Real Estate News

South Florida has sixth highest rate of foreclosure in U.S.


A “for sale” sign lays on the ground in front of a foreclosed home in Homestead in 2009.
A “for sale” sign lays on the ground in front of a foreclosed home in Homestead in 2009. AP

South Florida still has the sixth highest foreclosure rate of any major metro area in the U.S., even though new foreclosure activity is way down over the last year.

About one in every 87 homes in Miami-Dade, Broward and Palm Beach counties is in foreclosure, according to a report from RealtyTrac that analyzed data from the first six months of 2015.

But the housing market is recovering: over the last year, new foreclosure filings in South Florida fell 30 percent, the biggest improvement in the country.

“We’ve seen this trend for a while now,” said Kwame Donaldson, an economist at Moody’s Analytics. “South Florida is a place where the economic recovery is still happening. I wouldn’t expect foreclosure activity to increase in South Florida for as long as the economy improves.”

Donaldson said that one of the reasons local rates are so high is because in Florida a judge must sign off on each case, slowing down the speed that each foreclosure can move through the system. Many current foreclosure cases are holdovers from the housing crisis. Twenty states use only the court system to handle foreclosures, rather than local sheriffs and trustees.

Michael Pappas, president and CEO of the Keyes Company, a local real estate firm, said that distressed sales held down prices for the market as a whole before the economy improved. But that’s no longer the case.

“The tide of the distress has been going back out to sea,” Pappas said.

“If you’re a buyer, it’s a lot harder to get a good deal on an REO but you still can,” he added.

Existing foreclosures tend to be clustered locally in lower-income neighborhoods where homeowners had the most trouble paying their mortgages during the recession, including Homestead, Opa-Locka and unincorporated areas in the south and west of Miami-Dade.
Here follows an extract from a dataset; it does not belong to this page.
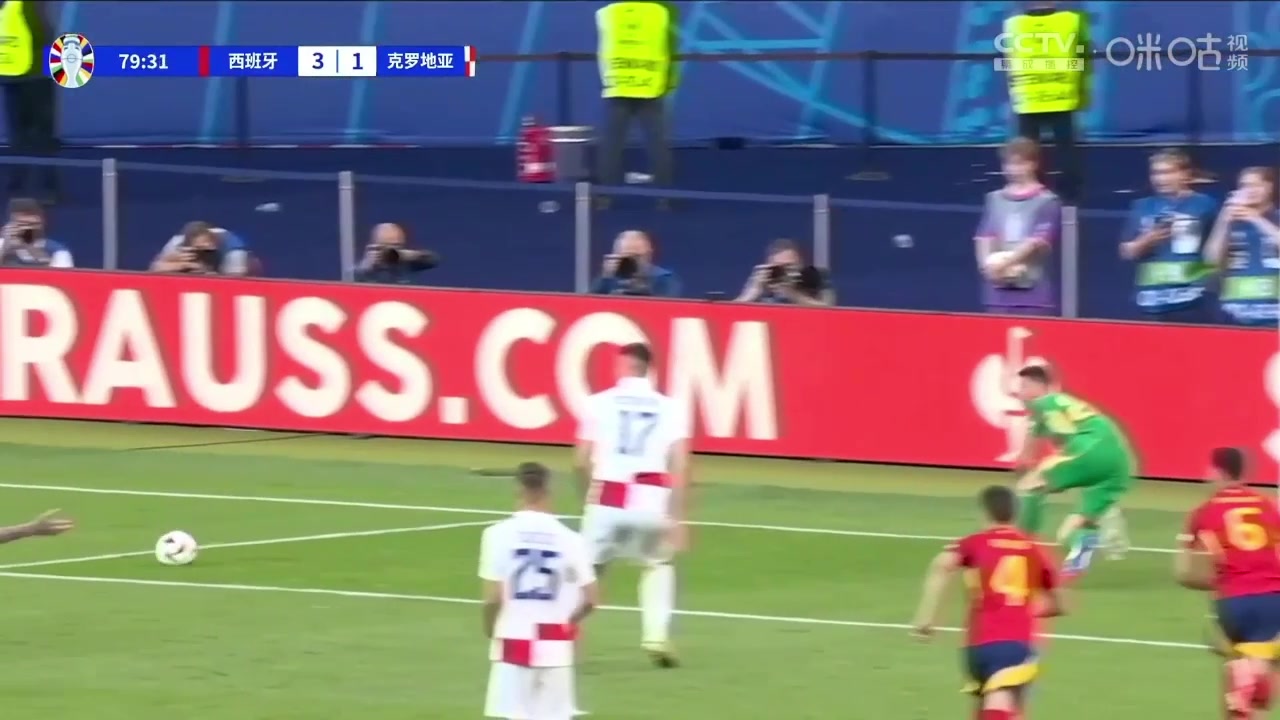 逃过红牌？罗德里犯规送点！佩特科维奇失点补射进球被吹掉！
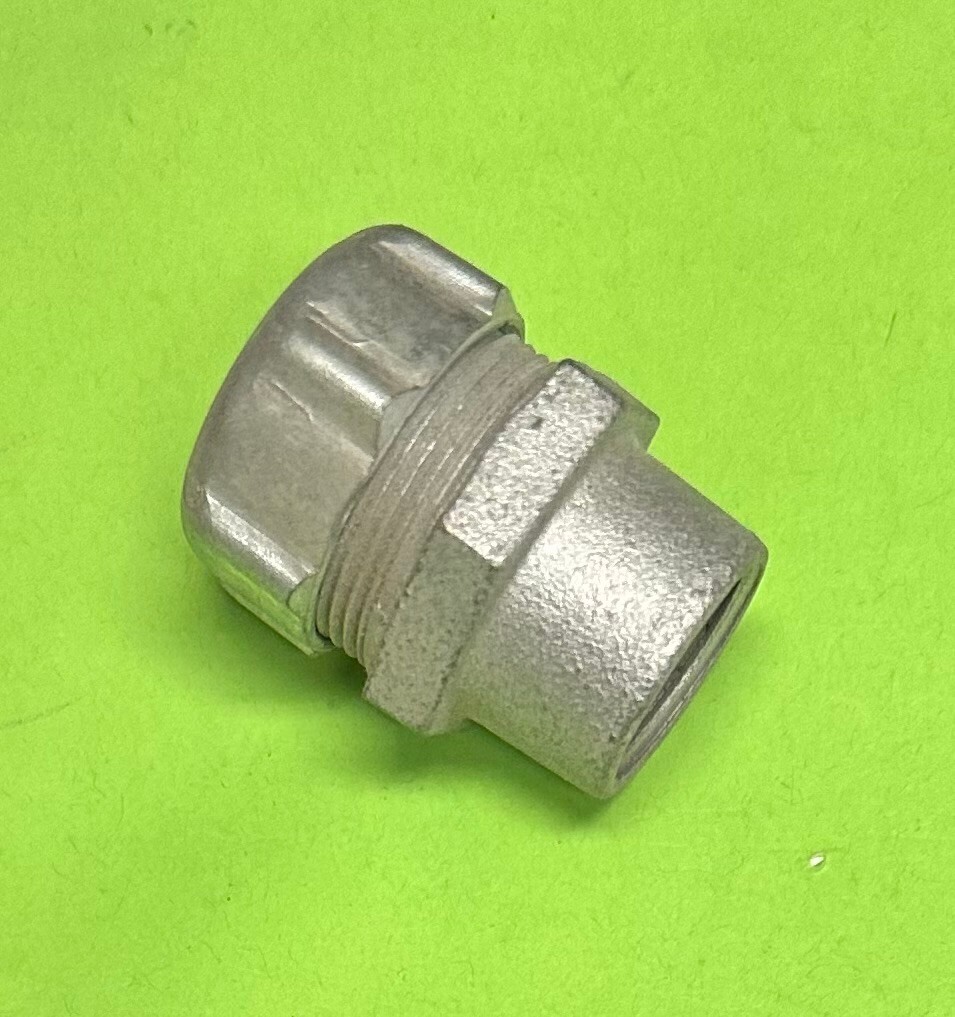 Thomas & Betts T&B ABB 5271 Iron 3/8"  LiquidTight Female Hub Adapter 10-Pack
Nationally, the five metro areas with the highest foreclosure rate were: Atlantic City (one in every 59), Tampa (one in every 82), Lakeland (one in every 83), Jacksonville (one in every 83) and Ocala (one in every 85).

Eight of the top ten cities were in Florida, which was hit particularly hard by the housing crisis. The state still has the highest rate of foreclosure in the country, even though new activity is down 22 percent over the last year.

About 95,000 Florida homes are in foreclosure. That means that nearly one in seven of the nation’s foreclosed homes are located in Florida.